Sunday, April 10, 2011
SEVEN members of Bristol NUJ have returned from the union’s Delegate Meeting, 8 to 10 April 2011 in Southport, having played their part in shaping the future of the organisation for the next 18 months.
Bristol is one of the NUJ’s most active branches and our members have been instrumental in many of the important actions that DM brought to fruit.
Among them we:
• Won union backing for our plan to drive up standards in the blogosphere by considering encouraging bloggers to aspire to the NUJ’s Code of Conduct
• Spoke up for a campaign against Northcliffe’s regional cutbacks, “which put profits before its local papers and staff”.
• Led a successful move to campaign for ensuring there’s zero tolerance of sexual harassment at all levels of the union
• Led a successful move to stop the union backing criticism of the humanitarian military intervention in Libya
• Helped ensure the editor of the Journalist magazine continues to be elected, not appointed
• Proposed a successful move condemning phone hacking at the News of the World
And in more detail …
The conference backed our plan to consider how the union can harness the enthusiasm of the blogging community and drive up quality among those bloggers who aspire to journalistic standards.
Though there was some opposition from those who see a big divide between journalism and blogging, the conference decided that the union’s NEC should consider how the Code of Conduct could be used to encourage more interest in the union from parts of the new media community with whom until now there has been too little contact.

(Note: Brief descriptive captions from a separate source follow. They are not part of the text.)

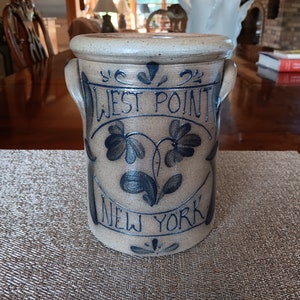 May include: A tan stoneware crock with two handles and a wide rim. The crock features blue lettering that reads "WEST POINT NEW YORK" with floral designs. The antique-style container is likely used for storage.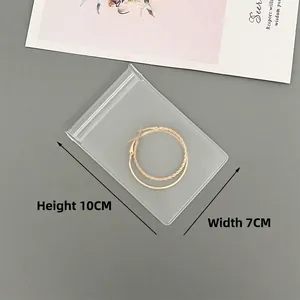 Detailed view of 7x10cm transparent EVA jewelry bag with golden twisted hoop earrings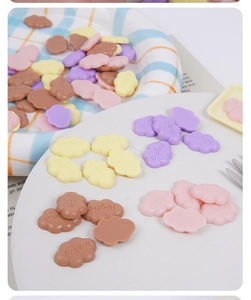 Macro shot of 2cm mini resin cloud charms for DIY slime and phone case decoration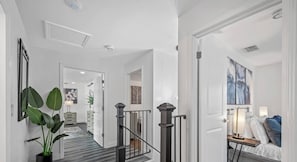 A modern interior with a staircase, a hallway leading to a bedroom, and a dining area. - Pool - Basketball -Soccer - Game Room - Playground (Largo)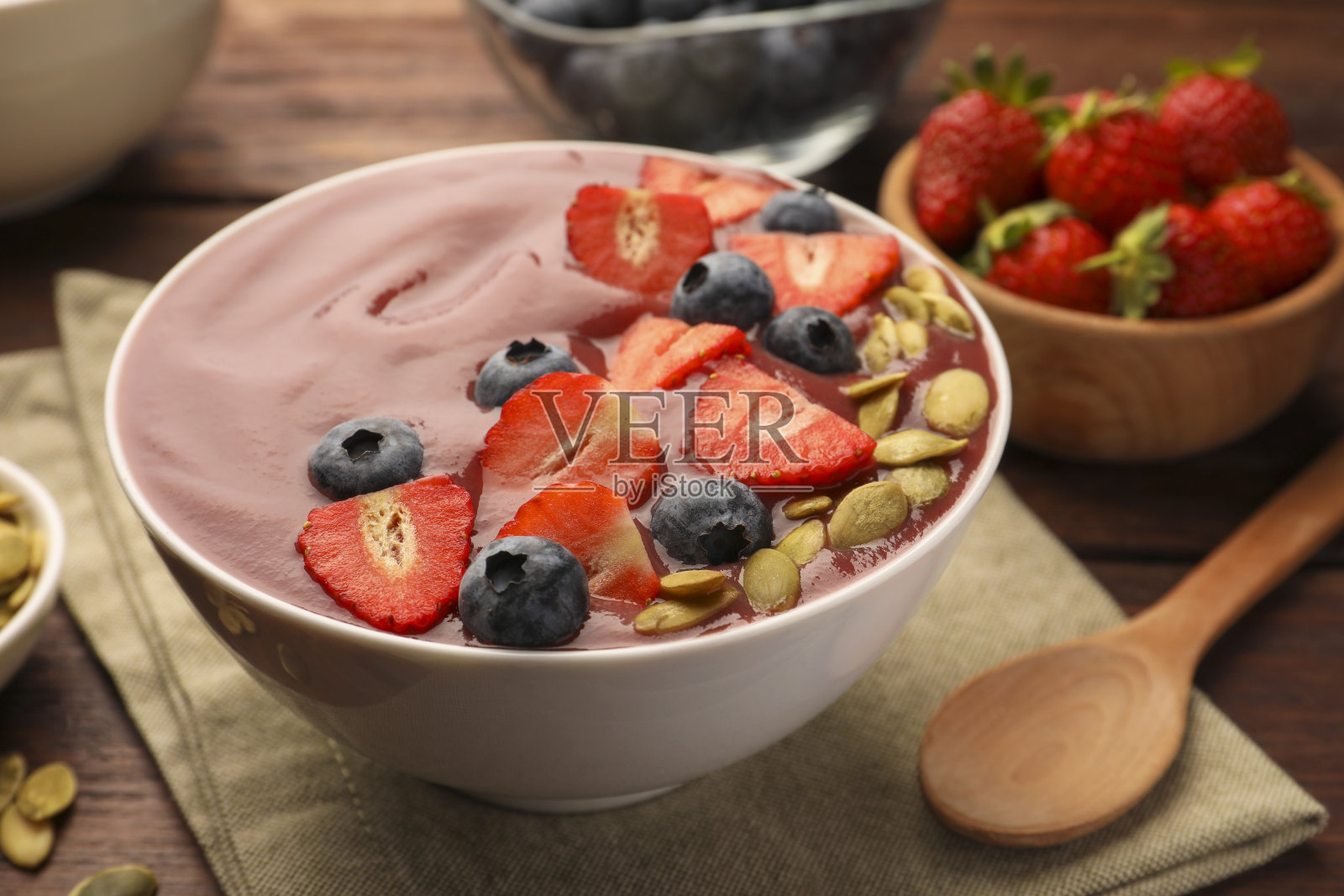 一碗美味的冰沙配上新鲜的蓝莓，草莓和南瓜子放在木桌上，特写照片摄影图片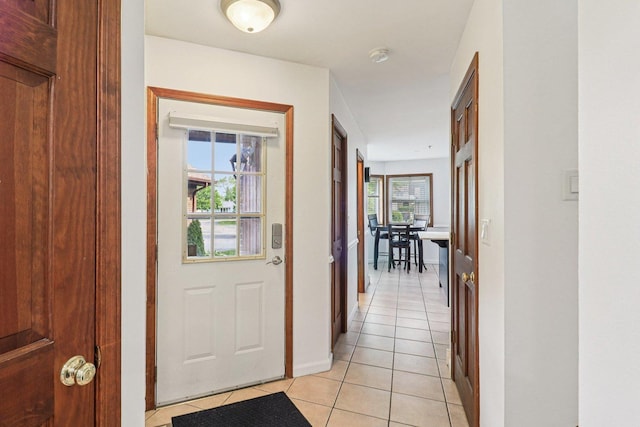 35 Terrace Ln Unit C, Lake Zurich, IL 60047 - hallway featuring light tile patterned floors and baseboards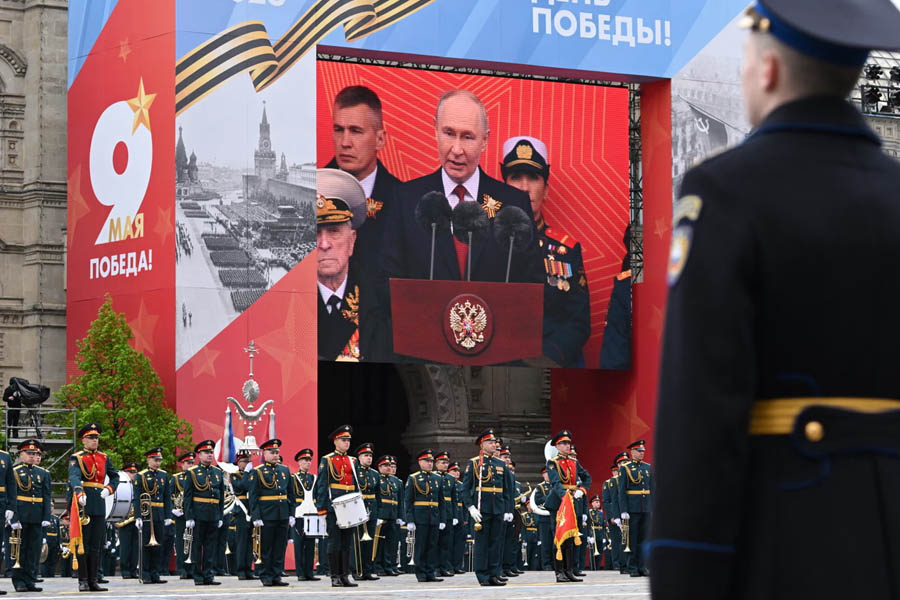 A soldier looks at a screen as Russia's president, Vladimir Putin, addresses the Victory Day military parade in Moscow.
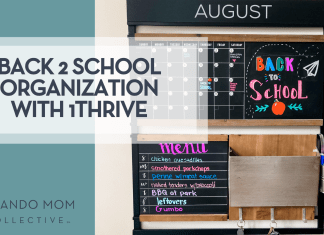 Back-to-School Organization with 1Thrive Back-to-School Organization with 1Thrive wall command center showing an August calendar, colorful “Back to School” chalk art, weekly menu board, mail pocket, and cup of markers—all mounted on a sleek black frame for streamlined family scheduling.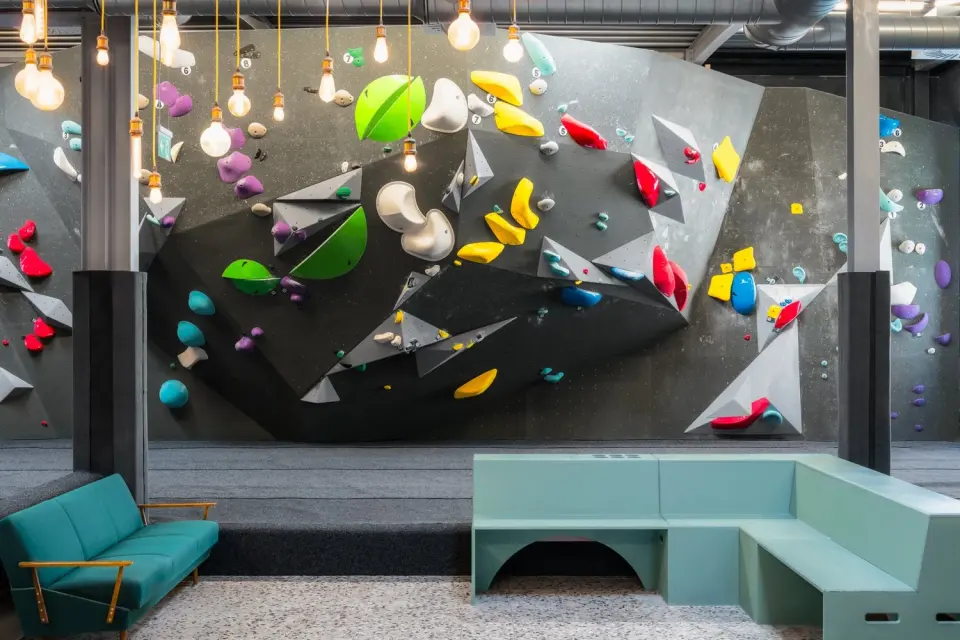 Steep grey bouldering wall with colourful holds above green benches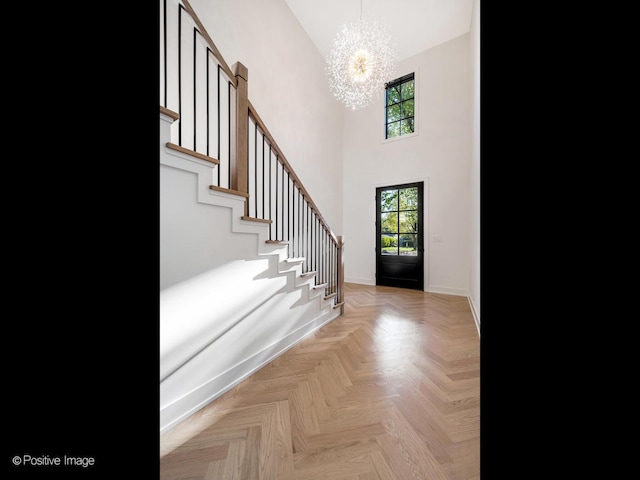 118 Lockerbie Ln, Wilmette, IL 60091 - entrance foyer featuring a chandelier, a towering ceiling, stairway, and baseboards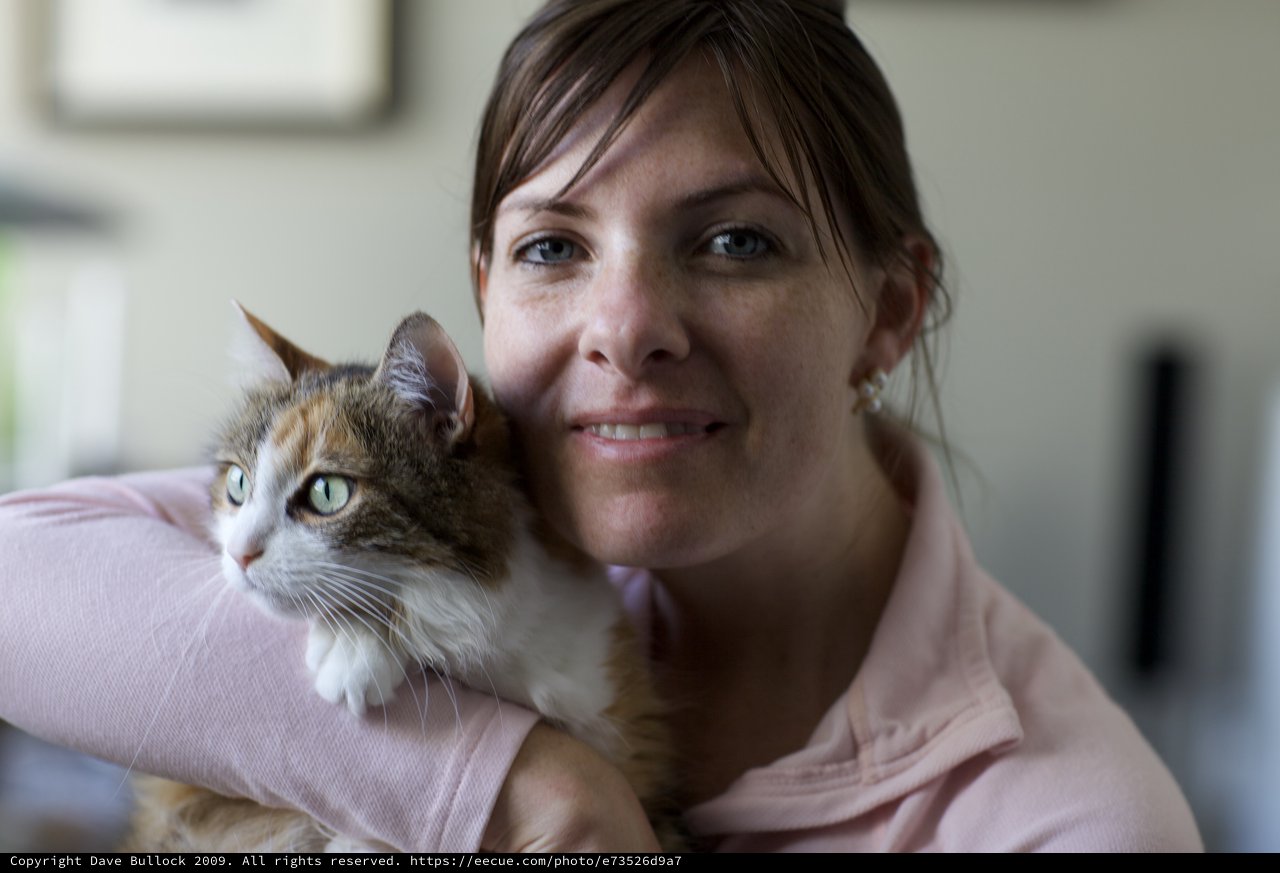 Woman and Her Calico Cat Share a Tender Moment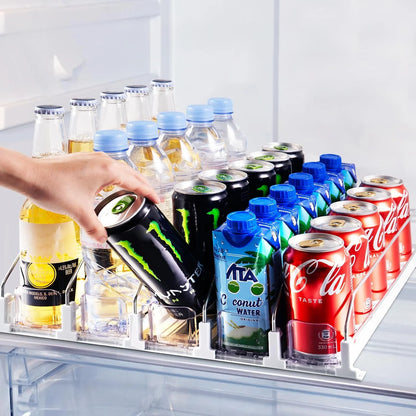 Five-row fridge drink organizer with white base, wire dividers and clear front stops holding upright cans and bottles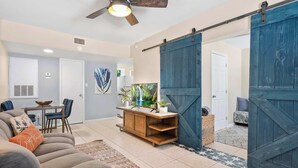 A living room with a sofa, a coffee table, and a TV. There is a sliding barn door and a door leading to another room.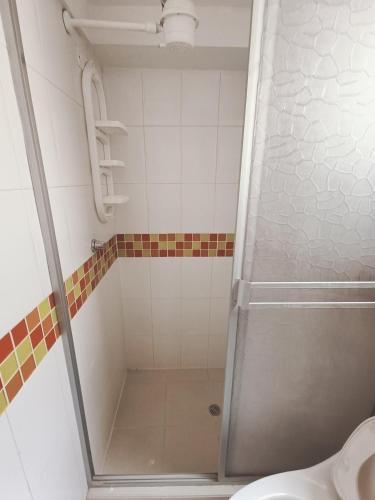 y baño con ducha y puerta de cristal. en Apartamento moderno en condominio Agualongo, en Pasto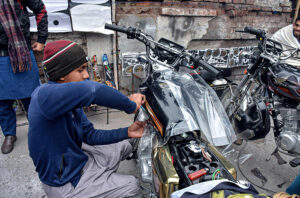 A young skilled worker is busy in Lamination work on the motorcycle. 
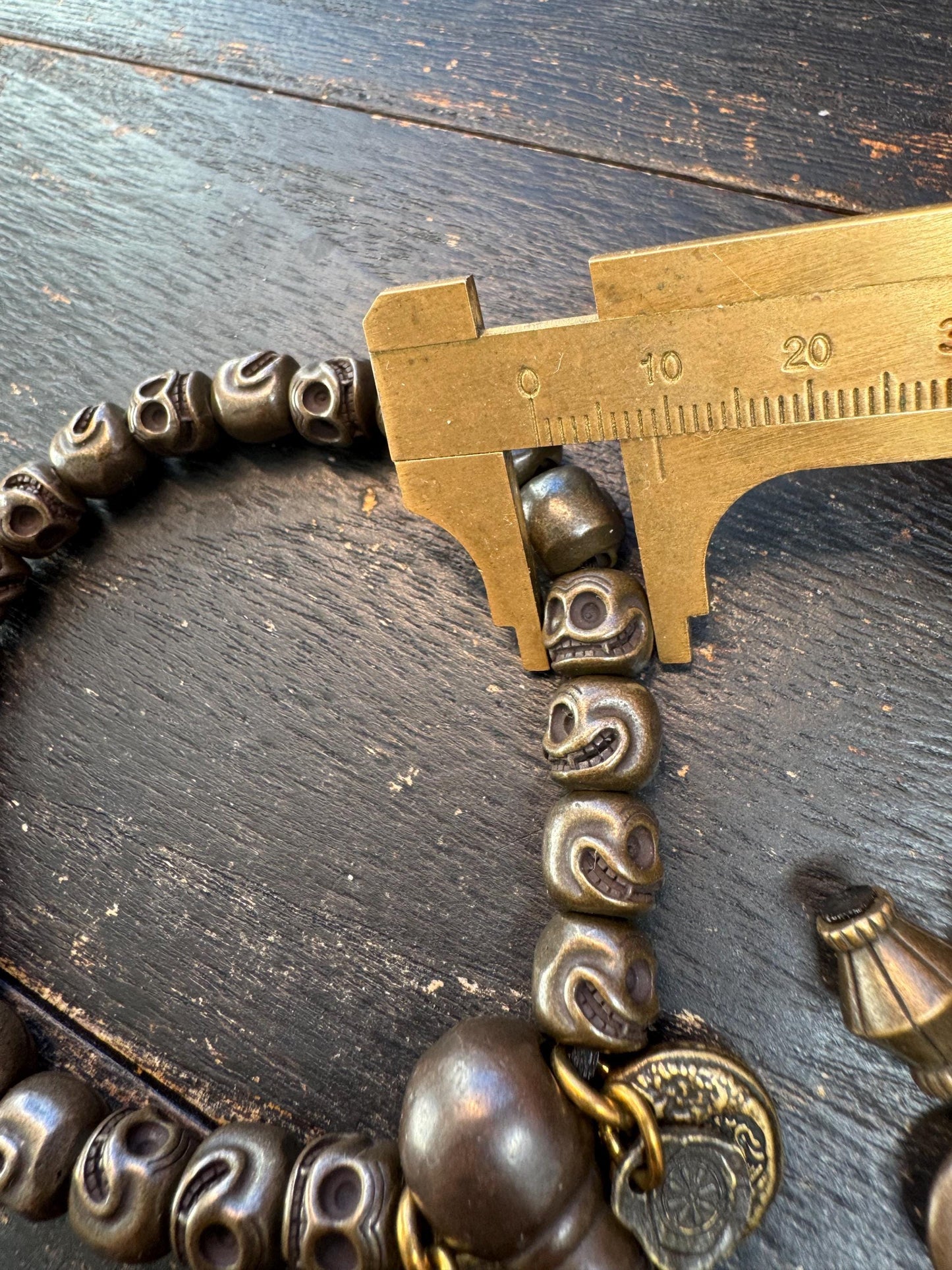 Tibetan Brass Citipati Skull Mala Bracelet | Adjustable 7-8” Wrist Prayer Beads w/ Guru Bead, Lotus Charms, Charnel Ground Amulet
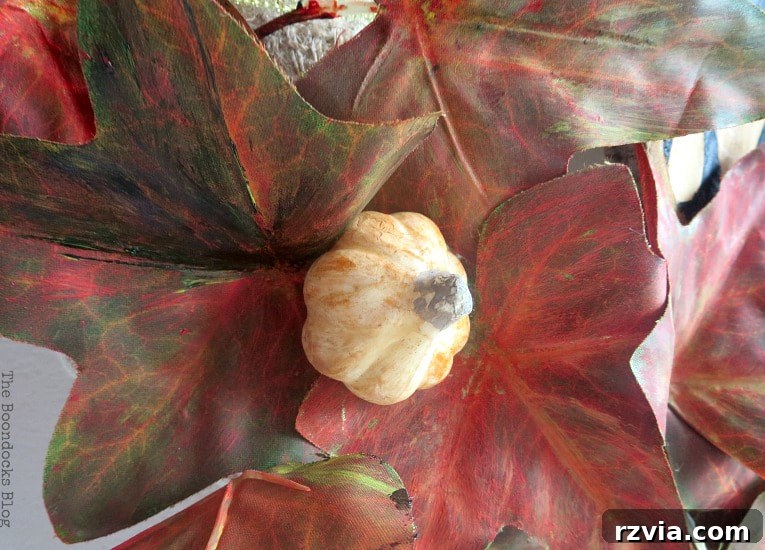 Dollar Store Vine Transformed into a Gorgeous Fall Wreath 15 Mini squash painted in bronze, tan, and black, ready to be added to the DIY fall wreath.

Conference passed Motion 20 from the Equality Council, which reminded NUJ members that the union has a zero-tolerance policy toward sexual harassment at work and in the union’s structures, and asked the NEC to campaign to remind members to respect this policy at all times.
A call for respect between all members, and for the union to be a safe space for all members, women and men, was applauded by conference.
Bristol spoke up in favour of a national NUJ campaign against Northcliffe cutbacks, which have halved the number of newspaper journalists in Bristol in five years and have slashed staff even more drastically at other centres such as Nottingham.
The cuts put unacceptable pressure on staff, DM heard from Nottingham members. We reminded the conference that Northcliffe is also infamous because of its hostility to trade unions which makes many staff unwilling to be identified as an NUJ member.
Bristol members took a lone stand against other branches who wanted the union to declare opposition to the NATO military intervention in Libya as a last-minute addition to a motion setting out support for trade unions and the revolution in Egypt.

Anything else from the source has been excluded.